* PROBLEM STATEMENT:
Please restate each line of the material word for word and omit any pictures.

* INFORMATION PROVIDED:
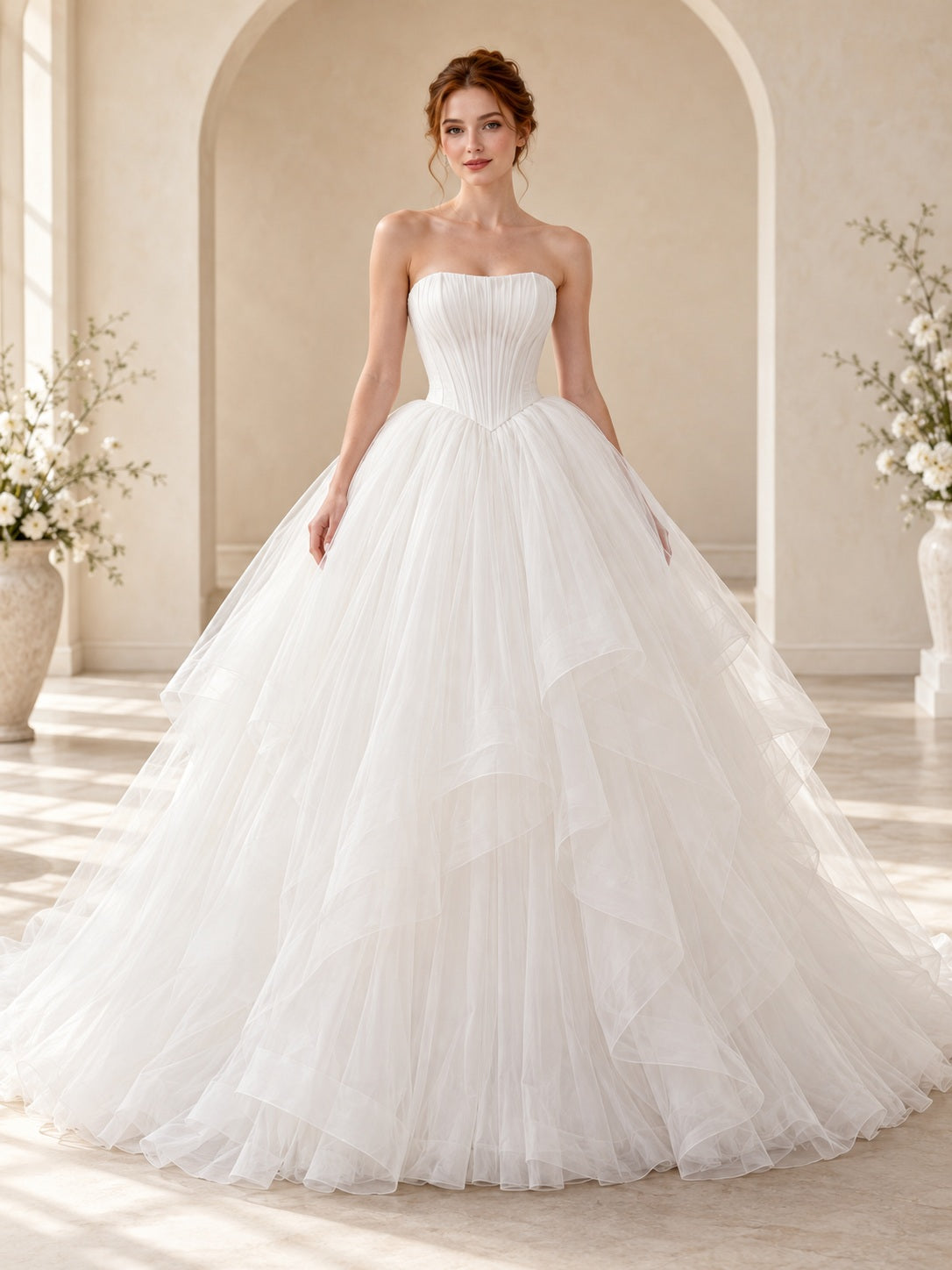Robe de mariée de princesse bustier froncée à volants en tulle fluide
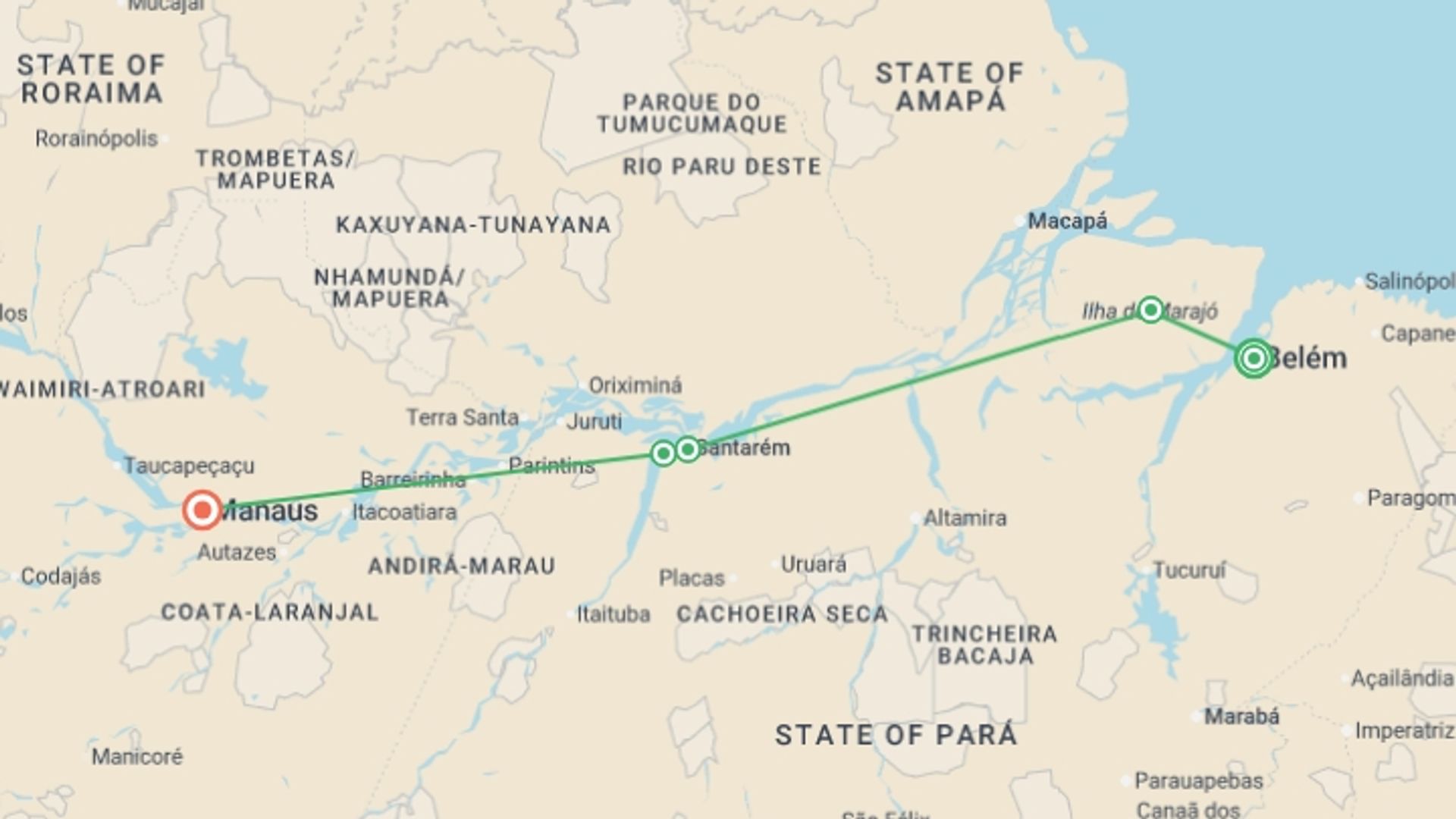 A map showing the tour itinerary for the trip: Brazilian Amazon by Boat, starting in Belém, Brazil and ending in Manaus, Brazil going through 5 other destinations.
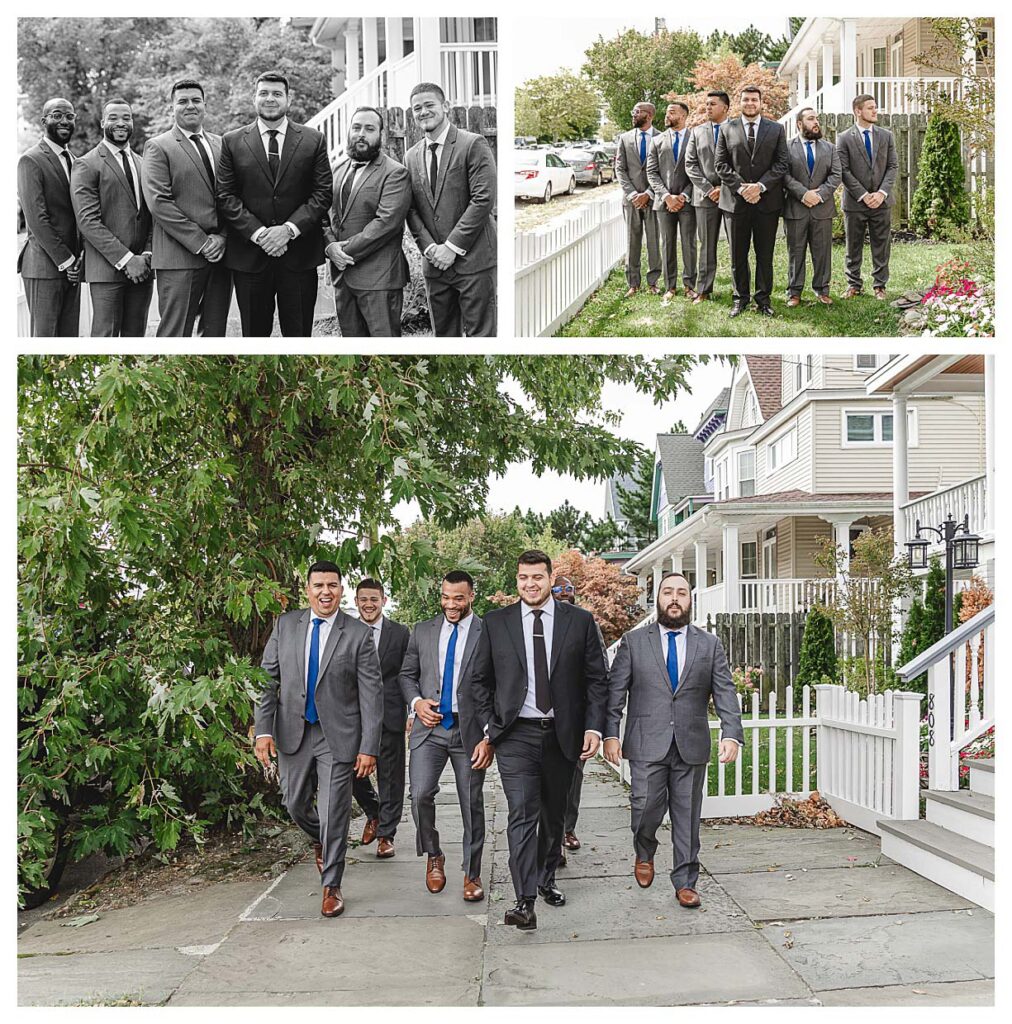 groom and groomsmen photos in ocean city nj for a fall coastal wedding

* SOLUTION FOR THIS TASK:
Robe de mariée de princesse bustier froncée à volants en tulle fluide
 A map showing the tour itinerary for the trip: Brazilian Amazon by Boat, starting in Belém, Brazil and ending in Manaus, Brazil going through 5 other destinations.
 groom and groomsmen photos in ocean city nj for a fall coastal wedding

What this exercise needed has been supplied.